Constant comparison, constant competition
Ten million people in the United States suffer from eating disorders. Although it is not clear how common eating disorders are among twins and multiples, they are 33 percent more likely to be diagnosed with anorexia later on life compared to the general population, a study out of Sweden found.
Since eating disorders have a biological and genetic predisposition, it would make sense that twins who share genes are more likely to have an eating disorder than if they were only siblings.
“If one [identical] twin has an eating disorder, the other twin is more than two times likely to have an eating disorder as well,” said Nicole Siegfried, PhD, national director of eating disorder program development for Castlewood at The Highlands Treatment Center in Birmingham, Alabama.
Among fraternal twins, if one twin has anorexia, there is an 11 percent chance the other twin will develop an eating disorder too, according to a study in the journal Directions of Psychiatry.

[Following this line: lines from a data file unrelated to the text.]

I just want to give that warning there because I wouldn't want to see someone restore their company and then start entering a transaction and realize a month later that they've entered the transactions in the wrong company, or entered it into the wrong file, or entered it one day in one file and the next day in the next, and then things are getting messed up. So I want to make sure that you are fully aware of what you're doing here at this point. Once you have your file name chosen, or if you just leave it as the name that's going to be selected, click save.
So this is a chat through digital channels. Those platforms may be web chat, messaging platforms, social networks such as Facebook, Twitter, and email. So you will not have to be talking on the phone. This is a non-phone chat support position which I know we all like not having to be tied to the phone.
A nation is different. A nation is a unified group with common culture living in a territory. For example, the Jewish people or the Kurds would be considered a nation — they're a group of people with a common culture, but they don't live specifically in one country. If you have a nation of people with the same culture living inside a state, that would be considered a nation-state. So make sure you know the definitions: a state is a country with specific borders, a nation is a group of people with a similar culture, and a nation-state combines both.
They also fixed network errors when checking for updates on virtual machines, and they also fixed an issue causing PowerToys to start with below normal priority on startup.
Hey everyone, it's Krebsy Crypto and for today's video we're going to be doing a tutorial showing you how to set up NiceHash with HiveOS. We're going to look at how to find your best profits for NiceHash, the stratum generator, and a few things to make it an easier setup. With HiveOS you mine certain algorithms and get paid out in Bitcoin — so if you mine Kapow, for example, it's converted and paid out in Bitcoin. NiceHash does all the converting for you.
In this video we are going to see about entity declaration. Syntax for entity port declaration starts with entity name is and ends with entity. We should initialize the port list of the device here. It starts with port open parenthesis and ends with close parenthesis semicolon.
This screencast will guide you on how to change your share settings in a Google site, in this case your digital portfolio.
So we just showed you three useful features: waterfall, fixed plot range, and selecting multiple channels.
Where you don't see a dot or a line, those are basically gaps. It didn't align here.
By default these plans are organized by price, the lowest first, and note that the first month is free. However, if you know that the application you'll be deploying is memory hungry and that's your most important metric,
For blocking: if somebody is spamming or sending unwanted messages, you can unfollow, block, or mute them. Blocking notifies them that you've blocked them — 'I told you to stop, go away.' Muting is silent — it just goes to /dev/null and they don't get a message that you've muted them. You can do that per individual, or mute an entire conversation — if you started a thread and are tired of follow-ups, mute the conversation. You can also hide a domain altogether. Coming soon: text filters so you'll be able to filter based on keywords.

Although it’s not clear why, there are theories that might explain the increased risk for twins.
Among identical twins in particular, they have a constant mirror of someone who looks just like them.
“In some ways, because of some of the identity issues that can play out in eating disorders, you can use that as a comparison in a way to differentiate yourself,” Siegfried said.
What’s more, if both twins have an eating disorder, the severity can increase because they are constantly comparing each other and competitive about who can lose the most weight.
“In a ‘twinship’ you have a special set of challenges that you don’t necessarily have as an only [child],” said Dana Harron, a clinical psychologist in Washington, D.C. Since twins are raised in the same environment, have similar school pressures, and develop at the same time, they’re more likely to compare themselves, not to mention that others will label them as “the pretty one” or “the smart one.”
Attachment difficulties in early childhood are believed to play a role too. There can be a mismatch between how babies need their emotions regulated and how the parents are able to regulate those emotions.
“Individuals with that might be more likely to use eating disorder behaviors to regulate emotions,” Siegfried said. Yet it’s important to note that there’s no evidence that parents cause eating disorders.
“We look at parents as part of the solution, not the cause,” she said.
Stress in the home may also be a contributing factor since parents with multiples can experience more stress than parents with singletons.
What parents should know
Experts say parents who have concerns about their children should look for changes in their behaviors around food, including food hoarding, stealing food, lying about food as well as an increase or decrease in weight. They should also look for signs of isolation and perfectionism in school, on the field, at work and at home.
When seeking treatment, look for an eating disorders specialist and preferably one who works on a team that includes a physician and a registered dietician. Experts say that although individual treatment is ideal, family therapy is also important.
A family therapist can help families work through the dynamics that tend to be revealed only when twins are together. Plus, the same aspects of their relationship that play a role in the eating disorder can also help them recover.
“Twins can bring out the worst in each other and also the most beautiful strengths,” Harron said.